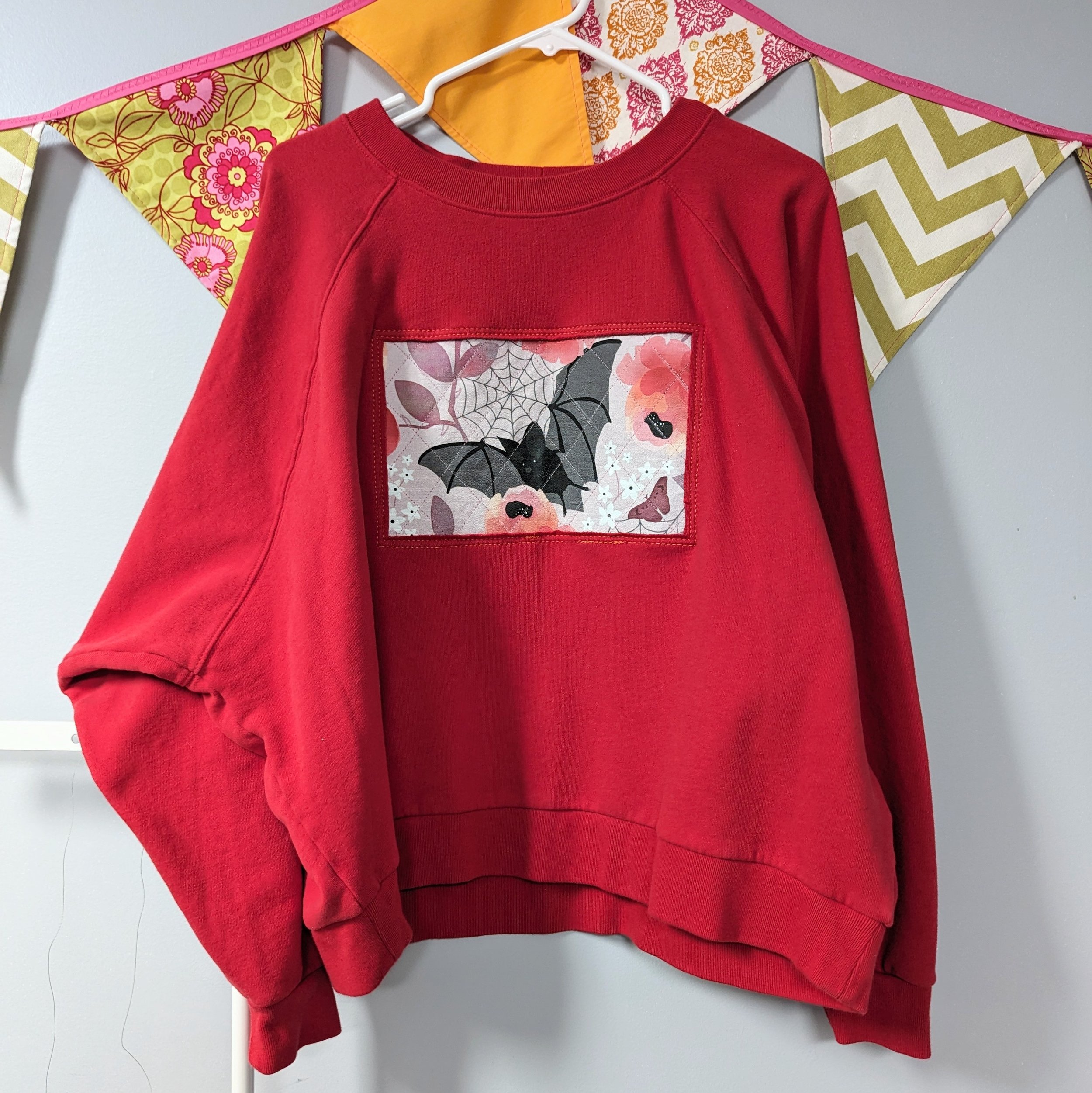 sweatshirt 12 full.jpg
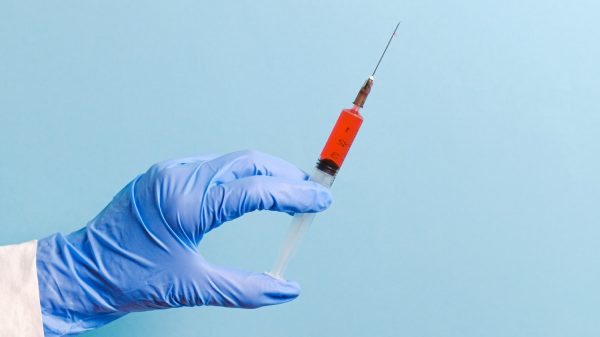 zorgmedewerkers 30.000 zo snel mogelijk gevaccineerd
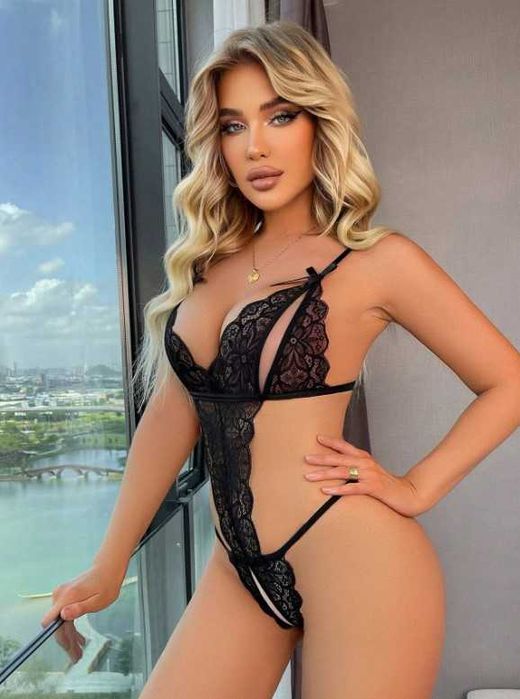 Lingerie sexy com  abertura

_What is needed_
Find the line containing "zorgmedewerkers 30.000 zo" and copy it and each line after it through the end of the material, exactly, with no pictures.

_Exercise answer_
 zorgmedewerkers 30.000 zo snel mogelijk gevaccineerd
 Lingerie sexy com  abertura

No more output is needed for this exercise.